I got the front brakes bled fine, my assist. pumping the brakes, I got good gushes of fluid into my catch jar!

I moved to the front because the rear would NOT bleed!

My BRAKE light is on in the dash.

Im suspecting this to be the culprit.

Any further advice, Id be happy to hear please. Id love to get this job finished.

I replaced both wheel cylendars/brake pistions in the rear. I was about to go to the store tomorrow to get a new hose with splitter block that goes from the frame to the axle... but after reading a few post as suggested, I think the prop valve is to blame.

I hope you (anyone) read this and can offer more clear advice, I feel like Im closer to solving, but still too confused to fix the problem.

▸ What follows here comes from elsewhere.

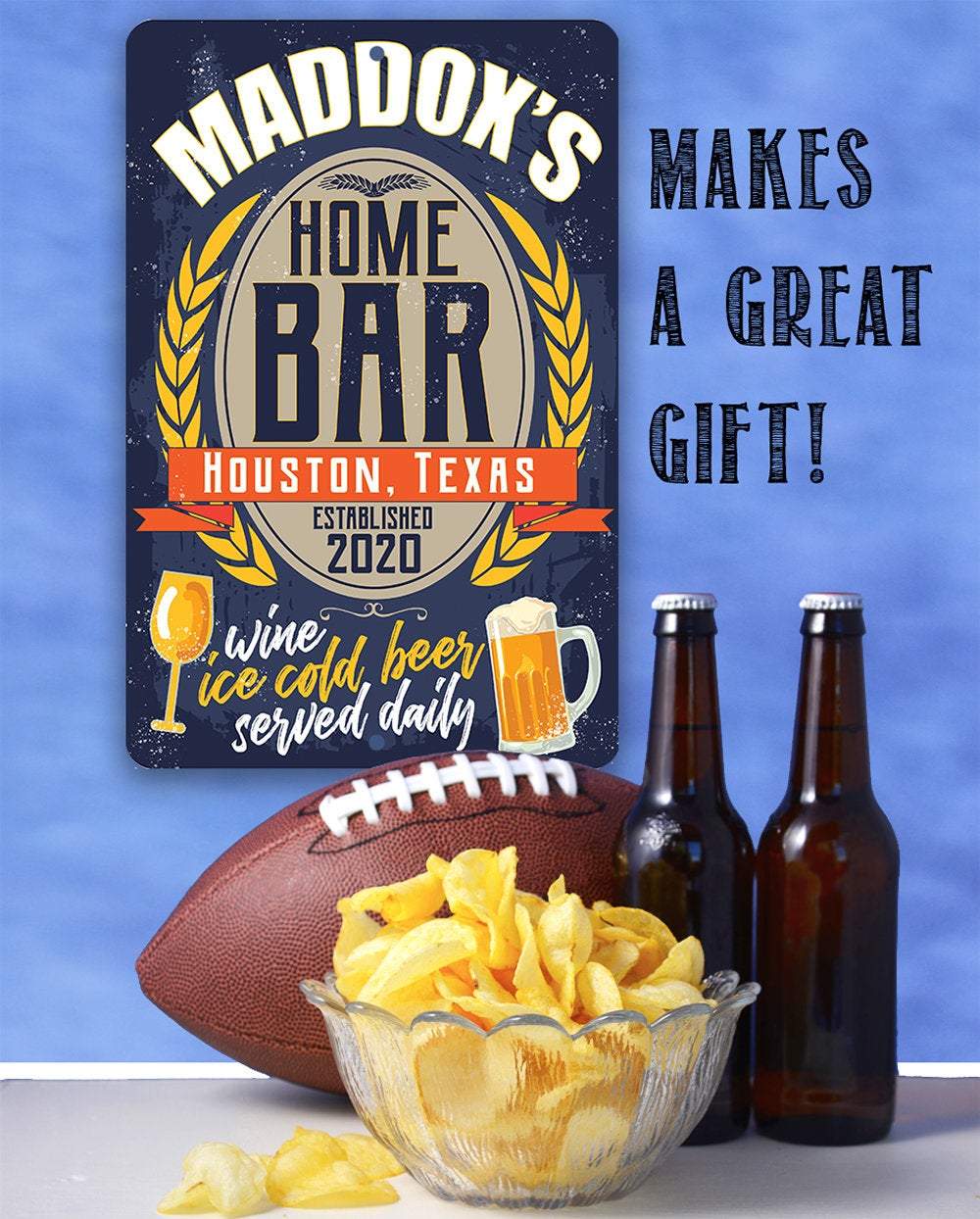 Personalized - Bar Decor - Metal Sign | Lone Star Art.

Bleeding the rear only produced a few small bubbles, nothing like what it should. And they didnt come all that often either.

Thanks so much guys!
Andrew
 
BTW, my BRAKE light came on before I did all this work, it is still on. It came on as I was loosing braking power, just a few miles before I brought her home and parked her.

I did NOT bench bleed the MC, did I commit a sin or does it just make it "more work"? I hate to have to pull it off again just to bench bleed, unless I absolutely must.


Andrew
 
If I am understanding this correctly, the small needle in the PV needs to be pressed in, and held in place, while the rear is being bleed.

Once the rear is bleed then I assume the proper pressures are applied inside the PV and no need to hold the "reset" pin in.

Am I close?

If so I can fab up a jig to press and hold while I crack bleeders and pump the pedal.

Andrew
 
UPDATE: FIXED BRAKES!!

1) Lesson learned: If you dont bench bleed a new (or empty for that matter) master cyld., you will NEVER get the brakes bled right!

2) "resetting" the prorp. valve does not always work, mind did NOT even try. My master mechanic told me on the phone, try opening the back and slam on the brake, or the front or all 4 if you dont get that working. I may have done "some" good that way, but I couldnt tell any diff and the BRAKE light stayed on.

3) Re-bleeding the rear AFTER bleeding the MC resulted in success, but lots of pumping and fluid was used. What was ejected looked like 10W30, so it was way past time for a full system bleed!

Took her for a test drive, pedal feels good, panic stop at 25mph resulted in tires screeching. :woot:

Thanks for everyone's help, I love you guys!

Andrew
 
Yes, the BRAKE light did go out and stay out as the brakes were bleed and the propt. valve started to balance out the pressure and stabilize in operation (it "reset" its self)

It has been about a week since then, brakes are working WONDERFULLY! I still need to adjust the rear, no biggie.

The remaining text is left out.